# CS561/571 Artificial Intelligence
## Mid Semester Assignment

### Multinomial Model of Naive Bayes Classifier

<table style="font-size:15px">
    <thead>
        <td><b>Name of Student</b></td>
        <td><b>Roll No.</b></td>
        <td><b>Date</b></td>
    </thead>
    <tr>
        <td>M. Maheeth Reddy</td>
        <td>1801CS31</td>
        <td>22-Sep-2021</td>
    </tr>
</table>

**NOTE**: Before running this notebook, Please execute the following commands in Python shell if you have not performed them before
```python3
nltk.download('stopwords')
nltk.download('wordnet')
```

In [1]:
# Importing Libraries
import math
import re

from collections import Counter
# Please perform above mentioned commands before running this notebook
from nltk.corpus import stopwords
from nltk.stem import WordNetLemmatizer

In [2]:
# Function to pre-process the dataset
# basically removing punctuation marks 
# and converting text to lower case
def preprocess_data(text):
    return re.sub(r'[^\w\s]', '', text).lower()
    
# Function to read, pre-process and 
# identify unique labels in the data
def read_dataset(dataset_name):
    with open(dataset_name, 'r') as dataset:
        lines = dataset.readlines()
        lines = [line.rstrip() for line in lines]

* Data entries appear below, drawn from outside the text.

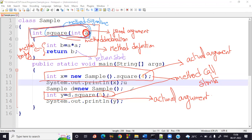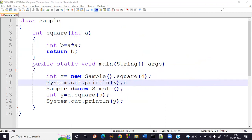To summarize: remember these terminologies — method signature, formal arguments, actual arguments, and method call statements. The main concept here is a method with arguments and with return values. If you have any doubts, please let me know and we will work on more examples.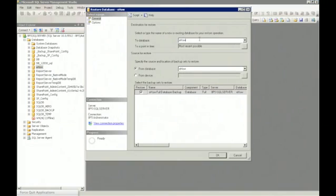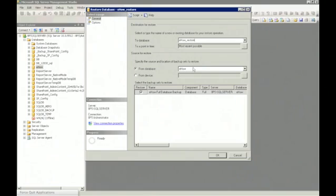And you want to go to the To Database section, and enter in the name of the database that you want to restore to.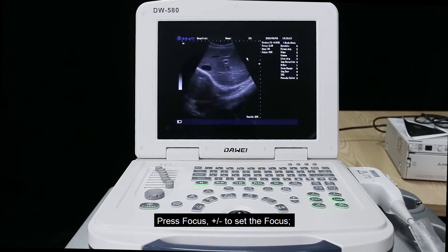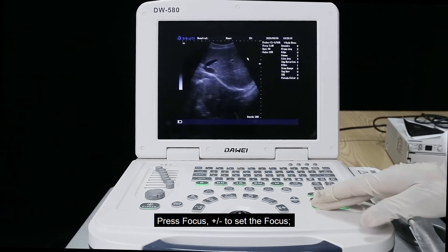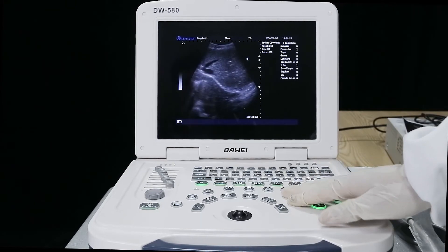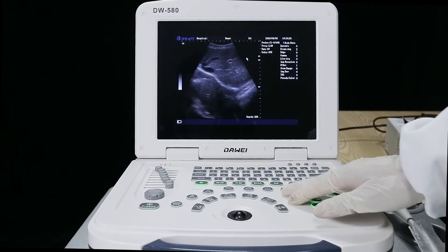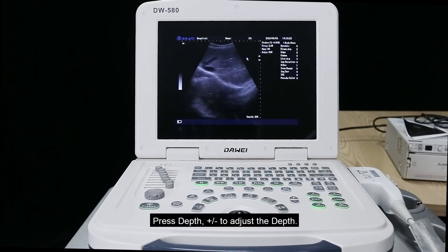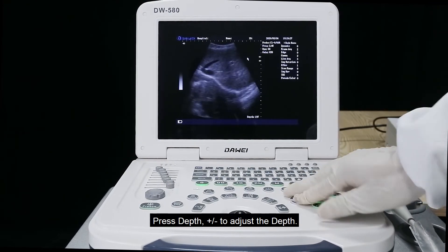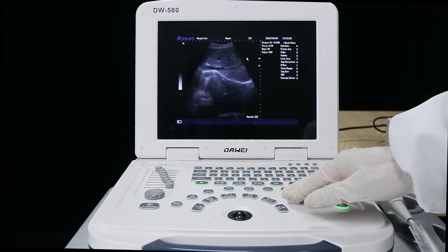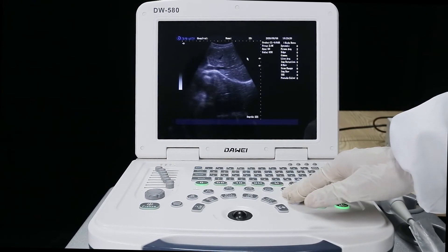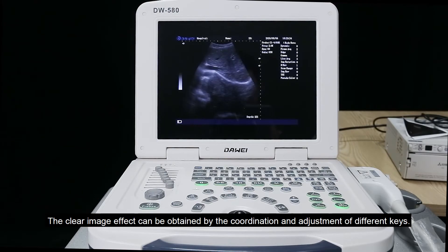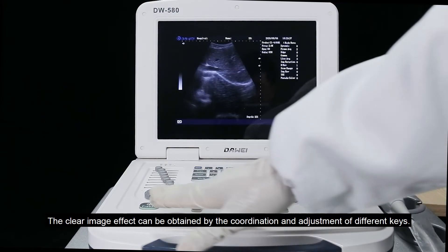Press line plus or minus to adjust the linear density. Press depth plus or minus to adjust the depth.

        data, labels = [], []
        for line in lines:
            label_data = line.split('->')
            labels.append(label_data[0])
            data.append(preprocess_data(label_data[1]))
        
    return data, labels

data, labels = read_dataset('dataset_file')
# Print the labels in the dataset 
# and number of items in the dataset
print('We have these labels in the dataset: ', ', '.join(set(labels)))
print(f'There are {len(data)} items in the dataset')

We have these labels in the dataset:  DL, CV
There are 3 items in the dataset


In [3]:
# Python Class to implement Multinomial Naive Bayes Classifier
class Classifier():
    # Constructor function
    def __init__(self, dl_data, cv_data):
        # count of words in DL class
        self.dl_word_count = self.get_counts(dl_data)

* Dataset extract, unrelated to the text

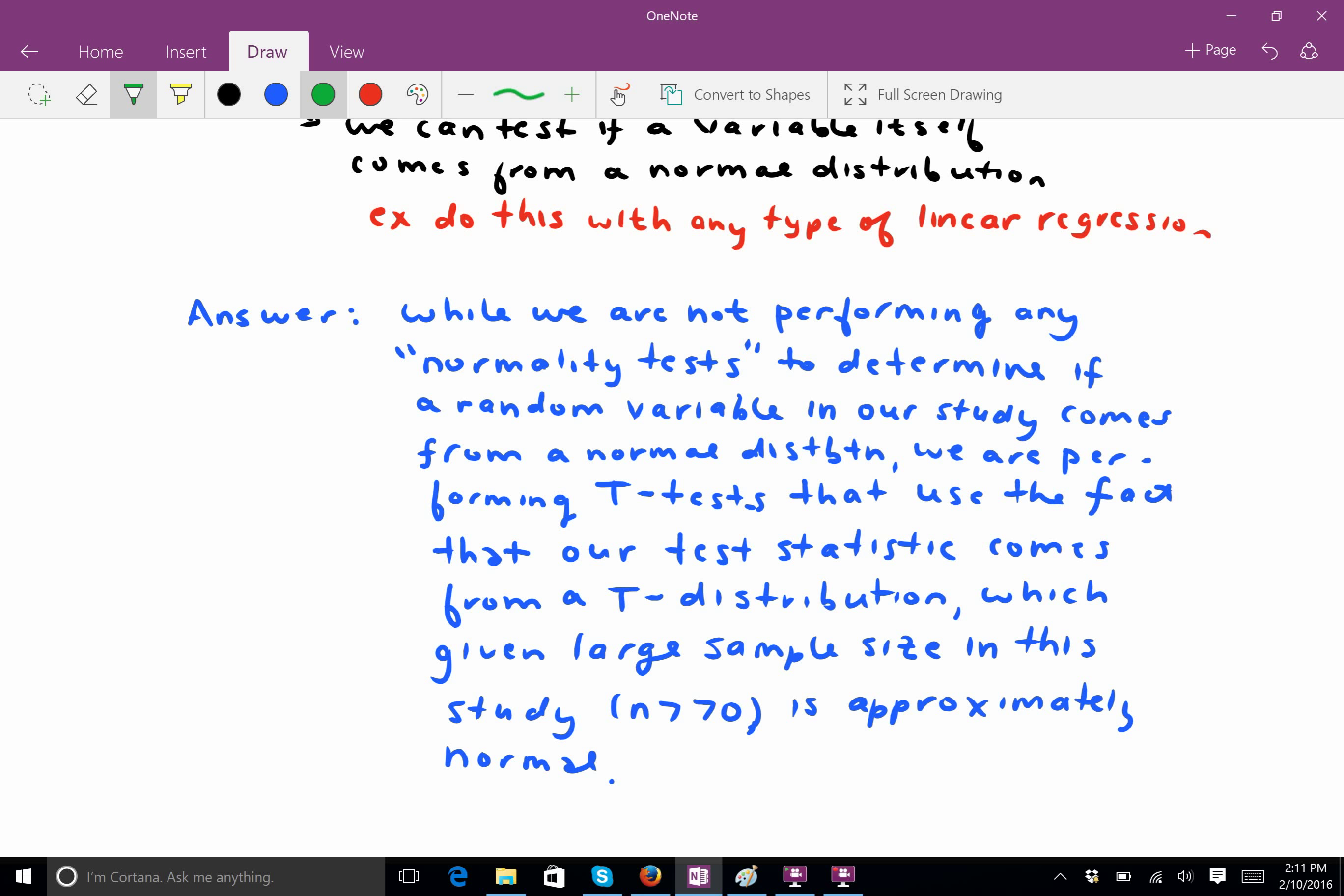So, here's how I would answer it to make sure that you don't miss any points and you kind of cover all these bases. I would say, while we're not performing any normality tests to determine if a random variable in our study comes from a normal distribution, we are performing t-tests that use the fact that our test statistic comes from a t-distribution, which, given the large sample size in the study, n greater than 70, is approximately normal. So, we're not testing for normality because, theoretically, we already know that. But we're using a test that uses the normality of the test statistic.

        # count of words in CV class
        self.cv_word_count = self.get_counts(cv_data)
        
        # Total number of features in the DL class
        self.dl_total_words = sum([value for _,value in self.dl_word_count.items()])
        
        # Total number of features in the CV class
        self.cv_total_words = sum([value for _,value in self.cv_word_count.items()])
        
        # Total number of words accross all documents
        self.words_count = len(self.dl_word_count) + len(self.cv_word_count)
        
        # Total number of DL documents
        self.dl_doc_count = len(dl_data)
        
        # Total number of CV documents
        self.cv_doc_count = len(cv_data)
        
        # Total number of all features
        self.doc_count = self.dl_doc_count + self.cv_doc_count

        # Setting the a priori class probablities
        self.prior_prob_dl = math.log(self.dl_doc_count/self.doc_count)
        self.prior_prob_cv = math.log(self.cv_doc_count/self.doc_count)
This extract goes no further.